This article summarizes healthcare in Texas.  In 2017, the United Healthcare Foundation ranked Texas as the 34th healthiest state in the United States. Obesity, excessive drinking, maternal mortality, infant mortality, and vaccinations are among the major public health issues facing Texas.

Issues

Obesity
Obesity has quickly become a major health issue in Texas. In 2017, 33.6% of Texas adults were obese as compared to 29.9% of U.S. adults. In 2000 21.7% of adults were obese and in 1990 only 10.7% of adults were obese. In 2016, 33% of 10-17 year olds in Texas were obese. When separated out by gender, 34.6% of Texas females and 32.8% of Texas males were obese. When separated out by race, 31% of White adults, 41.7% of Black adults, and 37.8% of Hispanic adults were obese in Texas in 2016. Research shows that an increase in household income is correlated with a decrease in obesity rates.

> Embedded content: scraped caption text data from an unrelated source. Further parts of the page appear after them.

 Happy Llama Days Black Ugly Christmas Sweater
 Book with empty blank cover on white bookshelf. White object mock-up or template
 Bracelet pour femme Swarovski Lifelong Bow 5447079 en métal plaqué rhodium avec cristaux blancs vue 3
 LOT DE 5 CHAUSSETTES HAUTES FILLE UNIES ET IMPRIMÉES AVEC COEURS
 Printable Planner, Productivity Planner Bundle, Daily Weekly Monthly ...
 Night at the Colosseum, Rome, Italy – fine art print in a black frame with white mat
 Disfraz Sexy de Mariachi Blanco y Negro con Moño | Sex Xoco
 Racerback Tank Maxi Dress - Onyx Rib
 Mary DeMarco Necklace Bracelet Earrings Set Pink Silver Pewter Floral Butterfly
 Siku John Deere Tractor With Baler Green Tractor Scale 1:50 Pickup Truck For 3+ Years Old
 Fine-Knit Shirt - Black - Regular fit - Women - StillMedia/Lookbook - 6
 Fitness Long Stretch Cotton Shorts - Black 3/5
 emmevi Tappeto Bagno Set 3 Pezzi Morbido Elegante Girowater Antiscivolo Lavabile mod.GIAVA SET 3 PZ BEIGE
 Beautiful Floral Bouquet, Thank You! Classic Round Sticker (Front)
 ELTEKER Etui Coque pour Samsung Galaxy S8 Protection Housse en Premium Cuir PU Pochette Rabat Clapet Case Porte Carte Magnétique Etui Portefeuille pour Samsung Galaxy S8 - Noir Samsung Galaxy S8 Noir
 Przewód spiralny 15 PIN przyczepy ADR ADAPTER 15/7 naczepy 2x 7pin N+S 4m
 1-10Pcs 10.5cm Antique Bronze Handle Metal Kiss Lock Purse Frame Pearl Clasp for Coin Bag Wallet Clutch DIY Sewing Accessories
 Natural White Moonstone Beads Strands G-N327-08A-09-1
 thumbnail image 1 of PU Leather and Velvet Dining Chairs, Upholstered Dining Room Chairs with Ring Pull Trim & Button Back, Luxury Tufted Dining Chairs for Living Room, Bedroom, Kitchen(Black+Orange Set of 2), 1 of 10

In 2014, Comptroller Susan Combs found that there are educational achievement patterns as well - 39% of the Texas population with less than a high school education was obese while only 23% of college graduates were obese. Living in a rural area in Texas is also correlated with higher obesity rates.

Consequences of obesity 
Obesity causes several chronic diseases including heart disease and diabetes. The three leading causes of death in Texas - heart disease, stroke, and cancer - are all linked to obesity. Additionally, obesity can cause type 2 diabetes, arteriosclerosis, and hypertension. In 2010, Texas saw 1,261,654 cases of heart disease and is predicted to see 5,688,482 cases in 2030. In 2010, Texas saw 1,962,059 cases of diabetes and is predicted to see 2,851,697 cases in 2030. In 2010, Texas saw 4,300,252 cases of hypertension and is predicted to see 5,689,509 cases in 2030. In 2010, Texas saw 328,379 cases of obesity-related cancer and is predicted to see 810,806 cases in 2030.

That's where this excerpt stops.